Me myself I: Das soll ich sein? Meine Mutter glaubt zum Glück immer noch, ich wäre Pianist in einem Bordell. Wenn die wüsste, womit ich als Literaturförderer wirklich mein Brot verdiene … Gut, dass sie nicht internettet oder googelt. Zu ‚googeln‘ fällt ihr nur Gugelhupf ein und zu ‚Suchmaschinen‘ nur Flugzeuge, die nach Abgestürzten suchen. Und irgendwie ist das alles gar nicht so falsch.
Surfen, das besteht in einer gleitenden Bewegung über eine (meist wässrige) Oberfläche. Und beim Egosurfing ist das auch nicht viel anders.
O.k., zieht man mal die namensgleichen Doppelgänger (auch ‚Googlegänger’ genannt) ab, dann tauchen je nach Tageszeit beim Vanity-Searchen oder Self-Googling zu meinem Vor- und Nachnamen 13.000 bis 123.000 ‚Ergebnisse’ auf, von denen Google vorgibt, ich sei dort anzutreffen. Und während ich da so mithilfe der googleschen Benutzeroberfläche wieder mal gelangweilt über mich selbst hinweg gleite, dämmert mir langsam: Mensch Herholz, alter Avatar, im Netz bist du – obwohl im Abseits – doch flüchtig und omnipräsent zugleich, hast dir längst einen Platz im Club der ausgebrannten Dichter, sogar einen auf dem Friedhof der Kuscheltexte erobert.
Die ‚Ergebnisse’ sonst: Ein wahres Googleheim-Museum meiner selbst, restlos barrierefrei, allerdings ohne Museumsshop mit multiplem Herholz-Portrait in Warhol-Manier oder mir selbst als Designsparbüchse mit Münzschlitz am Hinterkopf.
Gedankenstricher
Dennoch, ein virtuelles und käufliches kleines Arschloch im unendlichen Cyber-Raum bin ich so oder so. Ein ‚Ergebnis’ meldet trostlos schlicht, wie billig ich mittlerweile zu haben bin, kaum noch was wert, quasi auf der Resterampe verramscht: „Gerd Herholz – Preise vergleichen und sparen!“
Reputations-Management oder Ego-Marketing kannst du bei solchen Meldungen gleich vergessen, so sehr zappel ich als kleiner Fisch nach Luft schnappend im Inter-Netz. Mein ganzes Patchwork-Leben wird ausgebreitet (und ich hab kräftig mitgeholfen, fuck …). Bilder, Stimme, Radio-Interviews, kleine Filmchen, WDR-Lokalzeit-Mitschnitt, alles da.
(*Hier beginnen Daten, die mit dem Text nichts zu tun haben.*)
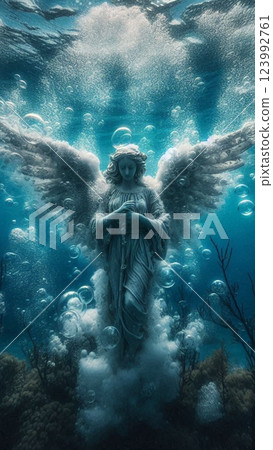 看到天使像石化了一樣靜靜地站在海底，腳下漂浮著許多氣泡，真是神祕的景象。 123992761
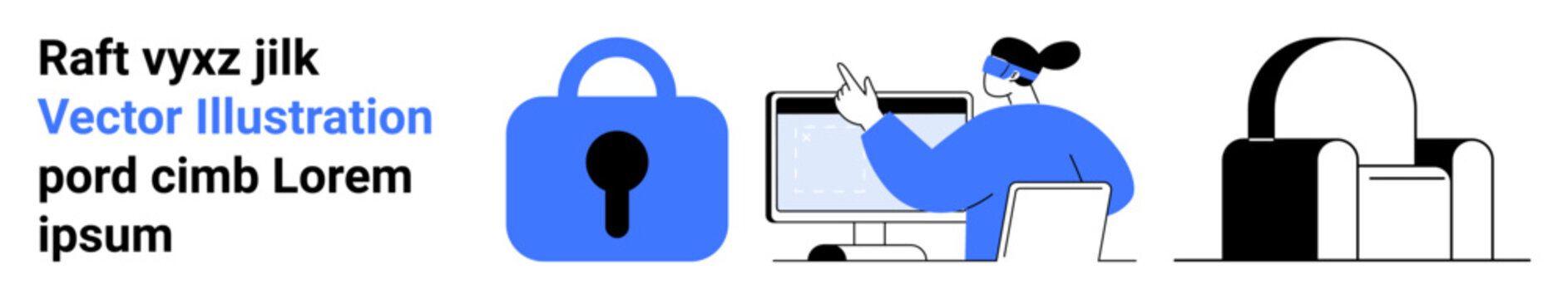 Person in front of a computer screen, blue padlock symbol, secure server icon highlighting cybersecurity themes. Ideal for tech presentations, online courses, educational materials, infographics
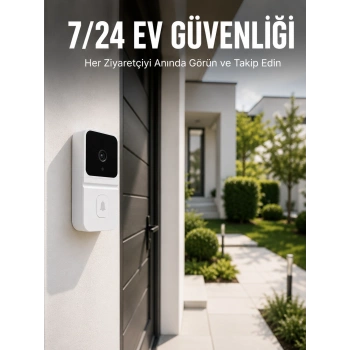 Kablosuz Beyaz Akıllı Kapı Zili Wi-fi Bağlantılı Hd Kameralı Ev Güvenlik Sistemi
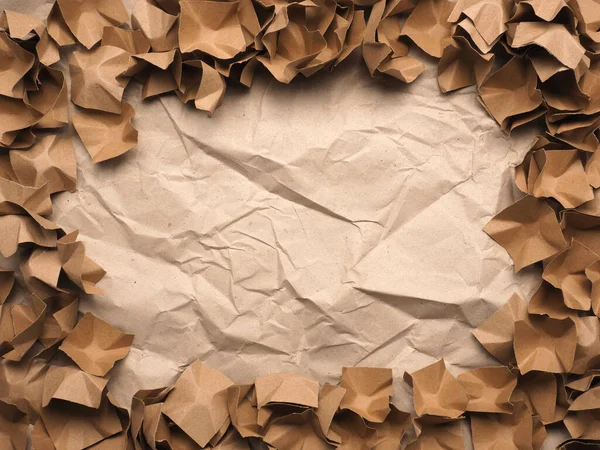 Újrahasznosított Papír Csomagolóanyagból Készült Határ Vagy Keret Zúzott Újrahasznosított Papír — Stock Fotó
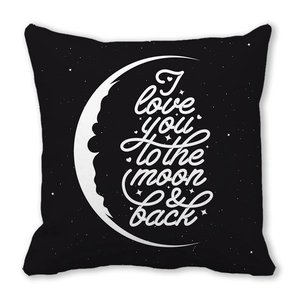 Square black peach skin pillowcase with white crescent moon and romantic quote for Valentines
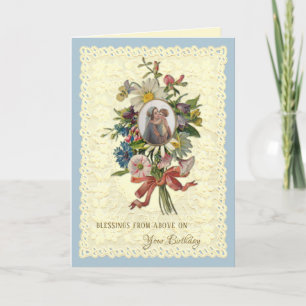 Religious Virgin Mary Flowers Catholic Birthday    Holiday Card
Ich erkenn’ mich kaum wieder, so fett bildet mich das aufgeblasene Net ab. Mein Mittelmaß ist vollkommen enthüllt, auch, dass ich Heide bin, temporärer Dichterdarsteller, dass mich der Bochumer Kulturdezernent einmal der „neo-marxistische(n) ‚Gut-gemeint-Kritik’“ geziehen hat (dabei war ich schon zu begriffs-stutzig, den Neon-Marxismus der 70-er/80-er- Jahre wirklich zu kapieren): Steht alles da! Und noch viel mehr.
Lack und Leim
Ausgerechnet die Homepage www.herholz.de führt dann allerdings präzise nicht zu mir, sondern zur Firma Herbers, die in Holz und Lacken macht. Und bei denen und nur da ist ‚Herholz’ als Kunst- sogar auch ein erfolgreicher Markenname. Vor Jahren hatte ich von Herbers-Holz einen Aufkleber (Kulis gab’s auch) auf dem Auto, mit dem Slogan: „Herholz hat die Türe fest im Griff“. Und dann habe ich gemerkt, dass mir die meisten Türen sowieso verschlossen blieben. Seitdem kann ich darüber auch nicht mehr lachen.
Existenzberichtigung
Also, Achtung: Hiermit möchte ich mich laut und deutlich von mir selbst distanzieren. Soweit ich mir bekannt bin, sind alle bei Suchmaschinen angegebenen Handlungen meinerseits und ich („Ich“) als handelnde Person ziemlich frei erfunden. Jegliche Ähnlichkeit mit mir als lebendigem Menschen wäre rein zufällig. Und auch ich selbst habe zumeist nur aus der Luft gegriffen, was in ihr lag (frei nach Gerhard Köpf).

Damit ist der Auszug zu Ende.